— Activity —
Write out the records again, exactly, leaving none out.

──────── Dataset entries ────────

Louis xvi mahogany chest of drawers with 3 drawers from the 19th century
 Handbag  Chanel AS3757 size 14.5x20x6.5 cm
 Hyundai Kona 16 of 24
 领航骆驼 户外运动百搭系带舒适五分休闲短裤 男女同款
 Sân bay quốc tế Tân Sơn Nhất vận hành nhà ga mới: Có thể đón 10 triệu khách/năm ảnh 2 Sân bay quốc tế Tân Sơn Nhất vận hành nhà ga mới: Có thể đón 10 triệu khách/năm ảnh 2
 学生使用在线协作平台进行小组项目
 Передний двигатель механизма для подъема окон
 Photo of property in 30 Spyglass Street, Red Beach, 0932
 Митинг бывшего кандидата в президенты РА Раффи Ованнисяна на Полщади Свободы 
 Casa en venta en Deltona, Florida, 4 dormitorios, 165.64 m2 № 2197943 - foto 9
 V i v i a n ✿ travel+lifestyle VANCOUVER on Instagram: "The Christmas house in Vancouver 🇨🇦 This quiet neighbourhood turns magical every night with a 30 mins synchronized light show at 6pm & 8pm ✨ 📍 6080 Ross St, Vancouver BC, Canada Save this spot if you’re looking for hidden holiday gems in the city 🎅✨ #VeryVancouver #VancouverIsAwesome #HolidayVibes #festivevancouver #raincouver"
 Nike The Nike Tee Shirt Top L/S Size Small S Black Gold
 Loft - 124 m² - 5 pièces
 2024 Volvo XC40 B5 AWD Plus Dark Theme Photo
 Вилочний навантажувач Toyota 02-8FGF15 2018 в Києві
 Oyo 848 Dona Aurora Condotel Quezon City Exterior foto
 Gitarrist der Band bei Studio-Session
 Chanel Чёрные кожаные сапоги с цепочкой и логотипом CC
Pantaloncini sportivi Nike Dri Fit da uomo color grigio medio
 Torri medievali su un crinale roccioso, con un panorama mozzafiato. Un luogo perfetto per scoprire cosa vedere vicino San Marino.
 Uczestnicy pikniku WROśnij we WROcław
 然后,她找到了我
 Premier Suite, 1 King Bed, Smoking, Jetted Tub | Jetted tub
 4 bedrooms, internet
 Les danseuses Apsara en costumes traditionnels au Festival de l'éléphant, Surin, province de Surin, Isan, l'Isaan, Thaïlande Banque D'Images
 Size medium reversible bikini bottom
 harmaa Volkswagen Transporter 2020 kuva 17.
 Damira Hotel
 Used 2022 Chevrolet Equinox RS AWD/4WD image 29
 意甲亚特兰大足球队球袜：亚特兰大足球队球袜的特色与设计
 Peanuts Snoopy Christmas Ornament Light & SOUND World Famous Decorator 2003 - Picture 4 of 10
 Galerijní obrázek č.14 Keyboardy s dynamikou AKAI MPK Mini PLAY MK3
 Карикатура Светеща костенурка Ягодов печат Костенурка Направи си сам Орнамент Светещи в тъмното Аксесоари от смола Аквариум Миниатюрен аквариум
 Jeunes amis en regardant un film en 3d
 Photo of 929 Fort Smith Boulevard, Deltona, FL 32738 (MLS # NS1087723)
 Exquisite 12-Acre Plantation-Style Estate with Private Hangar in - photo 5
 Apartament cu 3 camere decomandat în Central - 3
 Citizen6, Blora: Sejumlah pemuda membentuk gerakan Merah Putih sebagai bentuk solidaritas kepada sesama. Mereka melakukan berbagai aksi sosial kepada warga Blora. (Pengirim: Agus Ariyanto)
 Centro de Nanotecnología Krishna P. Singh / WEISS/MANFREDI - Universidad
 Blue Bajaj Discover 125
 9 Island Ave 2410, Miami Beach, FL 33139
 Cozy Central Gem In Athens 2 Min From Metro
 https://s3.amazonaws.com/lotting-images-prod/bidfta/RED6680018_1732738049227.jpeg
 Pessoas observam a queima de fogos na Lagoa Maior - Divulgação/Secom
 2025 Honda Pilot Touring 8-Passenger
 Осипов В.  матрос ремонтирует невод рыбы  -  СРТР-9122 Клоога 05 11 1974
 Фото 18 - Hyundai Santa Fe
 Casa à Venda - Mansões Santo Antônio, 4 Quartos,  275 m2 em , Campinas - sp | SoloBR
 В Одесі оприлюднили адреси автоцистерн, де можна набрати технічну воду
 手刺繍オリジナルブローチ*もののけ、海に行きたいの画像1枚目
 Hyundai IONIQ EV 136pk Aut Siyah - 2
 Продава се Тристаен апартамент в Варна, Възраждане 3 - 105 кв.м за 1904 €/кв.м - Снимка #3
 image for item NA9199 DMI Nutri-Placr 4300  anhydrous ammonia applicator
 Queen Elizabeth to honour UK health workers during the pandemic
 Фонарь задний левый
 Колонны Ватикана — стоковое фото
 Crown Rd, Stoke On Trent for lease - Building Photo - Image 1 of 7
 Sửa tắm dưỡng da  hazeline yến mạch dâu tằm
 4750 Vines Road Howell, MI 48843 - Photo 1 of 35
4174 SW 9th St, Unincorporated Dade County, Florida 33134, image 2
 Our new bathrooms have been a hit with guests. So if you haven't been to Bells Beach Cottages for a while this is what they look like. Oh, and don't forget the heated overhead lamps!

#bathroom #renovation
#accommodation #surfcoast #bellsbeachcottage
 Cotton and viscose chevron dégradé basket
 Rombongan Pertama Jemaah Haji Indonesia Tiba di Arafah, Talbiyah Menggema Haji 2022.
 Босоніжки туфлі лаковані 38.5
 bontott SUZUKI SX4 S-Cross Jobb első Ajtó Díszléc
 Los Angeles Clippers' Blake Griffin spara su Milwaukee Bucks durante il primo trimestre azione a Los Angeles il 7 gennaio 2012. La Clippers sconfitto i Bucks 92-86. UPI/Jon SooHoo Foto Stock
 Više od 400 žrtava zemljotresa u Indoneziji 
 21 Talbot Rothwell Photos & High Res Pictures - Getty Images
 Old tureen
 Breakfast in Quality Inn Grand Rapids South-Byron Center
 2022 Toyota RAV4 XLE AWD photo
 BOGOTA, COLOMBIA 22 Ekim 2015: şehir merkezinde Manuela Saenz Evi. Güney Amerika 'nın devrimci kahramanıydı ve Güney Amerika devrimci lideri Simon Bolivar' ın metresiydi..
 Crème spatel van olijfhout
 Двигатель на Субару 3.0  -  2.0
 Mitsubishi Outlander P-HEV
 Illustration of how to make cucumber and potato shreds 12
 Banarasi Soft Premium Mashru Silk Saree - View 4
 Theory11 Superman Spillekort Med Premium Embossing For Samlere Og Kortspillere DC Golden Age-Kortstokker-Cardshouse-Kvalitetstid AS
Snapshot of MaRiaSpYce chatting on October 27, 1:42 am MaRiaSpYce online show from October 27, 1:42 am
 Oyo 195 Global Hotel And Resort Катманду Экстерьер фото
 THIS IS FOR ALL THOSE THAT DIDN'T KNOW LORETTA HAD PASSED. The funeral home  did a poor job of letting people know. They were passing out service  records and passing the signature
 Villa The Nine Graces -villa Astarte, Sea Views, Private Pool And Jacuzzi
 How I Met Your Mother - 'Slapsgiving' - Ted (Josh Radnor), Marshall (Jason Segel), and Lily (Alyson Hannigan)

────────

— Solution to this problem —
Louis xvi mahogany chest of drawers with 3 drawers from the 19th century
 Handbag  Chanel AS3757 size 14.5x20x6.5 cm
 Hyundai Kona 16 of 24
 领航骆驼 户外运动百搭系带舒适五分休闲短裤 男女同款
 Sân bay quốc tế Tân Sơn Nhất vận hành nhà ga mới: Có thể đón 10 triệu khách/năm ảnh 2 Sân bay quốc tế Tân Sơn Nhất vận hành nhà ga mới: Có thể đón 10 triệu khách/năm ảnh 2
 学生使用在线协作平台进行小组项目
 Передний двигатель механизма для подъема окон
 Photo of property in 30 Spyglass Street, Red Beach, 0932
 Митинг бывшего кандидата в президенты РА Раффи Ованнисяна на Полщади Свободы 
 Casa en venta en Deltona, Florida, 4 dormitorios, 165.64 m2 № 2197943 - foto 9
 V i v i a n ✿ travel+lifestyle VANCOUVER on Instagram: "The Christmas house in Vancouver 🇨🇦 This quiet neighbourhood turns magical every night with a 30 mins synchronized light show at 6pm & 8pm ✨ 📍 6080 Ross St, Vancouver BC, Canada Save this spot if you’re looking for hidden holiday gems in the city 🎅✨ #VeryVancouver #VancouverIsAwesome #HolidayVibes #festivevancouver #raincouver"
 Nike The Nike Tee Shirt Top L/S Size Small S Black Gold
 Loft - 124 m² - 5 pièces
 2024 Volvo XC40 B5 AWD Plus Dark Theme Photo
 Вилочний навантажувач Toyota 02-8FGF15 2018 в Києві
 Oyo 848 Dona Aurora Condotel Quezon City Exterior foto
 Gitarrist der Band bei Studio-Session
 Chanel Чёрные кожаные сапоги с цепочкой и логотипом CC
Pantaloncini sportivi Nike Dri Fit da uomo color grigio medio
 Torri medievali su un crinale roccioso, con un panorama mozzafiato. Un luogo perfetto per scoprire cosa vedere vicino San Marino.
 Uczestnicy pikniku WROśnij we WROcław
 然后,她找到了我
 Premier Suite, 1 King Bed, Smoking, Jetted Tub | Jetted tub
 4 bedrooms, internet
 Les danseuses Apsara en costumes traditionnels au Festival de l'éléphant, Surin, province de Surin, Isan, l'Isaan, Thaïlande Banque D'Images
 Size medium reversible bikini bottom
 harmaa Volkswagen Transporter 2020 kuva 17.
 Damira Hotel
 Used 2022 Chevrolet Equinox RS AWD/4WD image 29
 意甲亚特兰大足球队球袜：亚特兰大足球队球袜的特色与设计
 Peanuts Snoopy Christmas Ornament Light & SOUND World Famous Decorator 2003 - Picture 4 of 10
 Galerijní obrázek č.14 Keyboardy s dynamikou AKAI MPK Mini PLAY MK3
 Карикатура Светеща костенурка Ягодов печат Костенурка Направи си сам Орнамент Светещи в тъмното Аксесоари от смола Аквариум Миниатюрен аквариум
 Jeunes amis en regardant un film en 3d
 Photo of 929 Fort Smith Boulevard, Deltona, FL 32738 (MLS # NS1087723)
 Exquisite 12-Acre Plantation-Style Estate with Private Hangar in - photo 5
 Apartament cu 3 camere decomandat în Central - 3
 Citizen6, Blora: Sejumlah pemuda membentuk gerakan Merah Putih sebagai bentuk solidaritas kepada sesama. Mereka melakukan berbagai aksi sosial kepada warga Blora. (Pengirim: Agus Ariyanto)
 Centro de Nanotecnología Krishna P. Singh / WEISS/MANFREDI - Universidad
 Blue Bajaj Discover 125
 9 Island Ave 2410, Miami Beach, FL 33139
 Cozy Central Gem In Athens 2 Min From Metro
 https://s3.amazonaws.com/lotting-images-prod/bidfta/RED6680018_1732738049227.jpeg
 Pessoas observam a queima de fogos na Lagoa Maior - Divulgação/Secom
 2025 Honda Pilot Touring 8-Passenger
 Осипов В.  матрос ремонтирует невод рыбы  -  СРТР-9122 Клоога 05 11 1974
 Фото 18 - Hyundai Santa Fe
 Casa à Venda - Mansões Santo Antônio, 4 Quartos,  275 m2 em , Campinas - sp | SoloBR
 В Одесі оприлюднили адреси автоцистерн, де можна набрати технічну воду
 手刺繍オリジナルブローチ*もののけ、海に行きたいの画像1枚目
 Hyundai IONIQ EV 136pk Aut Siyah - 2
 Продава се Тристаен апартамент в Варна, Възраждане 3 - 105 кв.м за 1904 €/кв.м - Снимка #3
 image for item NA9199 DMI Nutri-Placr 4300  anhydrous ammonia applicator
 Queen Elizabeth to honour UK health workers during the pandemic
 Фонарь задний левый
 Колонны Ватикана — стоковое фото
 Crown Rd, Stoke On Trent for lease - Building Photo - Image 1 of 7
 Sửa tắm dưỡng da  hazeline yến mạch dâu tằm
 4750 Vines Road Howell, MI 48843 - Photo 1 of 35
4174 SW 9th St, Unincorporated Dade County, Florida 33134, image 2
 Our new bathrooms have been a hit with guests. So if you haven't been to Bells Beach Cottages for a while this is what they look like. Oh, and don't forget the heated overhead lamps!

#bathroom #renovation
#accommodation #surfcoast #bellsbeachcottage
 Cotton and viscose chevron dégradé basket
 Rombongan Pertama Jemaah Haji Indonesia Tiba di Arafah, Talbiyah Menggema Haji 2022.
 Босоніжки туфлі лаковані 38.5
 bontott SUZUKI SX4 S-Cross Jobb első Ajtó Díszléc
 Los Angeles Clippers' Blake Griffin spara su Milwaukee Bucks durante il primo trimestre azione a Los Angeles il 7 gennaio 2012. La Clippers sconfitto i Bucks 92-86. UPI/Jon SooHoo Foto Stock
 Više od 400 žrtava zemljotresa u Indoneziji 
 21 Talbot Rothwell Photos & High Res Pictures - Getty Images
 Old tureen
 Breakfast in Quality Inn Grand Rapids South-Byron Center
 2022 Toyota RAV4 XLE AWD photo
 BOGOTA, COLOMBIA 22 Ekim 2015: şehir merkezinde Manuela Saenz Evi. Güney Amerika 'nın devrimci kahramanıydı ve Güney Amerika devrimci lideri Simon Bolivar' ın metresiydi..
 Crème spatel van olijfhout
 Двигатель на Субару 3.0  -  2.0
 Mitsubishi Outlander P-HEV
 Illustration of how to make cucumber and potato shreds 12
 Banarasi Soft Premium Mashru Silk Saree - View 4
 Theory11 Superman Spillekort Med Premium Embossing For Samlere Og Kortspillere DC Golden Age-Kortstokker-Cardshouse-Kvalitetstid AS
Snapshot of MaRiaSpYce chatting on October 27, 1:42 am MaRiaSpYce online show from October 27, 1:42 am
 Oyo 195 Global Hotel And Resort Катманду Экстерьер фото
 THIS IS FOR ALL THOSE THAT DIDN'T KNOW LORETTA HAD PASSED. The funeral home  did a poor job of letting people know. They were passing out service  records and passing the signature
 Villa The Nine Graces -villa Astarte, Sea Views, Private Pool And Jacuzzi
 How I Met Your Mother - 'Slapsgiving' - Ted (Josh Radnor), Marshall (Jason Segel), and Lily (Alyson Hannigan)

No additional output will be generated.